• Exercise prompt
Report every line below that holds the word "Used".
═════ Source material
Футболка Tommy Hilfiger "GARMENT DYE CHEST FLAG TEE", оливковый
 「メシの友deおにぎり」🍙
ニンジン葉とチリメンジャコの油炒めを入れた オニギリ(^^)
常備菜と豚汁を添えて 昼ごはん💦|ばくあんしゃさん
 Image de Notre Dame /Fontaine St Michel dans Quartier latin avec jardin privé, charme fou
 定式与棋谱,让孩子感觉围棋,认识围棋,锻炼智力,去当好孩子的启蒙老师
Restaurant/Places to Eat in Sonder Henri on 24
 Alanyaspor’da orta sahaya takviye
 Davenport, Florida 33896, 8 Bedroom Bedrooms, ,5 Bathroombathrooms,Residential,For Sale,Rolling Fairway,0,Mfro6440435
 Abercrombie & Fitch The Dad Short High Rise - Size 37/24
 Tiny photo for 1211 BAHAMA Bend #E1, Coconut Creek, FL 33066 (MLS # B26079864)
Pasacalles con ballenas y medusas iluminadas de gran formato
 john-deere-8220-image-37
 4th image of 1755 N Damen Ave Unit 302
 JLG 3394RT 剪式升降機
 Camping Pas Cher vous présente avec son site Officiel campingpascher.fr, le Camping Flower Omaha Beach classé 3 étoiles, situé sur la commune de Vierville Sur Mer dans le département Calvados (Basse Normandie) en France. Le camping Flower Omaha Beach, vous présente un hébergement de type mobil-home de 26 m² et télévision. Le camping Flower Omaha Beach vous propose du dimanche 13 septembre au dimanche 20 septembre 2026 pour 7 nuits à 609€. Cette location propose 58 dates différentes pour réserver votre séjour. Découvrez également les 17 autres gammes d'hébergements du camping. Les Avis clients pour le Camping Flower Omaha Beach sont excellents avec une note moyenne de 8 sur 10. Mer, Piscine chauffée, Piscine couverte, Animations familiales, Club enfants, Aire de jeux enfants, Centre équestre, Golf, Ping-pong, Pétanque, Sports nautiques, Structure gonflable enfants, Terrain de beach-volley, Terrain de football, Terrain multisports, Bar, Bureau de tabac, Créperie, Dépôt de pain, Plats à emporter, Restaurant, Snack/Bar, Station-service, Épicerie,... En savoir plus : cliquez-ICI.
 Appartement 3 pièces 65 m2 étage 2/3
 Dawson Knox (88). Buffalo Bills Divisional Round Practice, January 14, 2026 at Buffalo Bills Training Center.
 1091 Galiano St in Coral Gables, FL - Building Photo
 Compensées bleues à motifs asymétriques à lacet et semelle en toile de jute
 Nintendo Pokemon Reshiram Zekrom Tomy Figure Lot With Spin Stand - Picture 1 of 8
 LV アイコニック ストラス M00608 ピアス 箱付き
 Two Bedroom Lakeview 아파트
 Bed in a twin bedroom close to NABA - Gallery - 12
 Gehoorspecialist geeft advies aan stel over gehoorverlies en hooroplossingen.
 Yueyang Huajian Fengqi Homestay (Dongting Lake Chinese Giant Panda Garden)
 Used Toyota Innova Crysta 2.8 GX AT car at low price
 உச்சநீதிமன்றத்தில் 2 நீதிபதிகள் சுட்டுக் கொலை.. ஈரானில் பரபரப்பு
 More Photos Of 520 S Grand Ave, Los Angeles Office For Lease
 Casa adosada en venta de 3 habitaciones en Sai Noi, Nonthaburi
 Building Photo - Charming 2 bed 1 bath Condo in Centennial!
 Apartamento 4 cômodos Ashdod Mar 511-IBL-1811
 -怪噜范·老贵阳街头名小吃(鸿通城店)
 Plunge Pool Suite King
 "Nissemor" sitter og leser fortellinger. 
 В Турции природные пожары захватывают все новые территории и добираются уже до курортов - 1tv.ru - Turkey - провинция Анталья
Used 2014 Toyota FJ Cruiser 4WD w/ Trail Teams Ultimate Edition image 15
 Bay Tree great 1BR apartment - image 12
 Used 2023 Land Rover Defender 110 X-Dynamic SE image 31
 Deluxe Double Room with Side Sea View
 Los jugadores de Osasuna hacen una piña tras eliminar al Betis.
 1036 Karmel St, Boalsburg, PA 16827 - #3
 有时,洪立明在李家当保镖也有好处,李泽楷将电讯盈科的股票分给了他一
══════════
• Output for this exercise
 Used Toyota Innova Crysta 2.8 GX AT car at low price
Used 2014 Toyota FJ Cruiser 4WD w/ Trail Teams Ultimate Edition image 15
 Used 2023 Land Rover Defender 110 X-Dynamic SE image 31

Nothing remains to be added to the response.